One of them, Giampaolo Parete, said he had gone to get something from his car when the avalanche hit.
“I was covered by the snow but I managed to get out. The car was not submerged and I waited for the rescuers to arrive,” he said, quoted by Ansa news agency.
He added that his wife and two children were under the rubble.
The civil protection agency said it was now trying to get rescue vehicles to the hotel. There are reports that there is an ambulance a few kilometres away, which cannot yet reach the building.
How did this come about?
Wednesday’s quakes came after the regions of Abruzzo, Marche and Lazio were hit by days of heavy snow.
One person in the area died on Wednesday and another was reported missing.
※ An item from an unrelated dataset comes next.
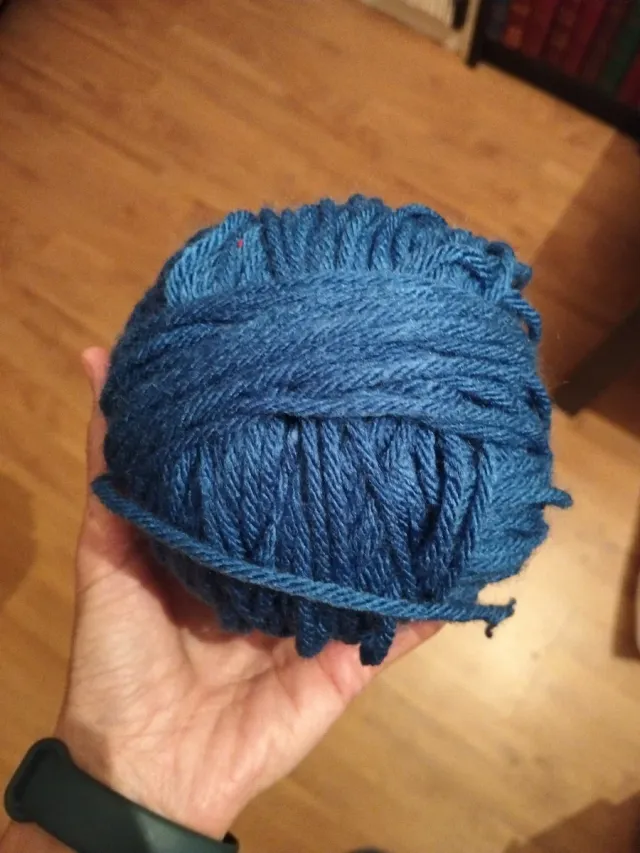 Ovillos de lana azul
The same region was hit by an earthquake on 24 August, when 298 people died.
Another earthquake in October killed no-one, as most of the population centres had been evacuated.
Since then, the region has been hit by cold weather and snowstorms.
Why are so many quakes hitting Italy? By Jonathan Amos, BBC science correspondent
The Apennines region saw three Magnitude-6 tremors between August and October. One of the four latest earthquakes was 5.7.
Many Apennines residents will of course be asking why there have been so many large quakes in so short a time frame. But this is often how the geology works.
The big picture is reasonably well understood. Wider tectonic forces in the Earth’s crust have led to the Apennines being pulled apart at a rate of roughly 3mm per year – about a 10th of the speed at which your fingernails grow.
But this stress is then spread across a multitude of different faults that cut through the mountains. And this network is fiendishly complicated.
It does now look as though August’s event broke two neighbouring faults, starting on one known as the Laga and then jumping across to one called the Vettore.